Señor, te ofrezco no mi sangre, que hoy nadie me la pide, ni aun mi sudor, yo hombre del Norte más acostumbrado al invierno que el verano, pero —atramenti vectigal— te ofrezco toda esta tinta extendida en forma de palabras sobre todas estas hojas de papel, te ofrezco mis diplomas de magistrado o mis cuadernos de estudiante, mis registros de contabilidad o mis manuscritos de filólogo, te ofrezco mi aguja de bordadora o mi fusil de soldado, porque todo este trabajo humano, con su alegría silenciosa o su sorda queja, este trabajo del electricista y del profesor, del caminero o del guardabosques, todo este inmenso trabajo no es forzosamente indigno de ti, y puesto que es honrado, Tú eres el que comunica su bondad.

Mi oración, pues, durará tanto como mi trabajo, y aun informará enteramente mi reposo, como el perfume empapa el algodón, y hará de toda mi vida una incesante oblación, un sincero homenaje. — Oportet semper orare.

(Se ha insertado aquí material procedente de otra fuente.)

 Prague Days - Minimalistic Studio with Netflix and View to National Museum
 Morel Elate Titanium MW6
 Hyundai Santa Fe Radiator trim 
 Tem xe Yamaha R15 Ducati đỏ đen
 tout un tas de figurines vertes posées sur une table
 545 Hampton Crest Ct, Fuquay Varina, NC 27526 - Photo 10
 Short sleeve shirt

“No puedo orar siempre”, “No tengo nada que decir”. Excusa vana, error latente. ¿No tienes nada que decir? Pero la oración no es ante todo un discurso, ni es la frase la que honra a Dios, ni la idea rara, ni la palabra escogida, ni la fría corrección de los gramáticos. No es la sintaxis la que rige la oración, y el diccionario resulta inútil para los contemplativos analfabetos. La oración no es ante todo un discurso; es principalmente una espera y una acogida. La espera del que viene al mundo, la espera de la Redención que se cumple y del Reino que se acerca. Y si no tengo nada que decir, tengo mucho que esperar, tengo que esperarlo todo, puesto que me hallo despojado de los únicos bienes verdaderos.

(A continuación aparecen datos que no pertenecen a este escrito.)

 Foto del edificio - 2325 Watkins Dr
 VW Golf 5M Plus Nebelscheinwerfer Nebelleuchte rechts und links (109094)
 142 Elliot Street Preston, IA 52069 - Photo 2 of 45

Los discursos me han cansado; todas esas palabras, sonoras y un tantico hipócritas, esas declaraciones forzadas, esas peroratas oratorias y ese tono patético, no puedo soportarlo, oh Dios mío, en mis relaciones contigo. Y aun para expresar mi arrepentimiento, prefiero la sobriedad de nuestros actos de contrición tradicionales al lirismo exagerado de los literatos y poetas; prefiero decirte que me arrepiento de todo corazón por haberte ofendido con mis pecados, y que porque te amo detesto el mal cometido; prefiero esta fórmula sencilla y sin afeites a las exclamaciones patéticas: «¿Quién dará agua a mi cabeza, y a mis ojos una fuente de lágrimas para llorar día y noche?» (Jeremías, IX, 1)

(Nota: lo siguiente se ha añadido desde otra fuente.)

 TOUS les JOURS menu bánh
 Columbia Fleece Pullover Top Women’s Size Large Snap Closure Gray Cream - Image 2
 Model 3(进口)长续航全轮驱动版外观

Y si la oración consistiese en un hermoso discurso, tendría excelentes motivos para descuidarla.

Pero esperarte y acogerte, eso es orar como los elegidos de Sión, y puedo y debo esperar a cada instante la gracia actual, y acoger en mí los progresos de tu acción libertadora.

Debo esperarte porque Tú eres mi curación y mi perfeccionamiento, mi perdón y mi gloria, porque todo lo bueno que se realiza y todo lo bueno que se prepara procede de Ti; y los que han rehusado acogerte, se han quedado en tinieblas; y los que no han querido esperarte, los has calificado de malos siervos.

Perpetua oración, la de las almas siempre abiertas.

Un espejo nunca se cansa, de reflejar los objetos; un eco nunca se cansa de devolver el ruido de la cascada — abyssus abyssum, invocat. Aunque el espejo haya reflejado a todo el mundo, aún está dispuesto a volver a empezar; aún está fresco y preparado; y después de haber repetido durante diez siglos el clamor de las cataratas, el eco no se ha enronquecido o debilitado, es claro y potente como en el instante en que por primera vez a impulso del río se desmoronó la barrera de las rocas.

Reflejar es la esencia misma del espejo; repetir es el ser propio del eco, y ser no fatiga.

Mi oración debería llegar a ser tan íntima, tan perpetua que en adelante no fuese ya más que la unión consciente de mi voluntad y la tuya, oh Dios mío; que no me fatigara ya, ni debiera pretextar cansancios para dispensarme de ella. Porque reflejarte y repetirte, ser tu reflejo y tu eco, esa es ciertamente la ley de mi naturaleza y la que me exige tu gracia. Y orar es una cosa definitiva.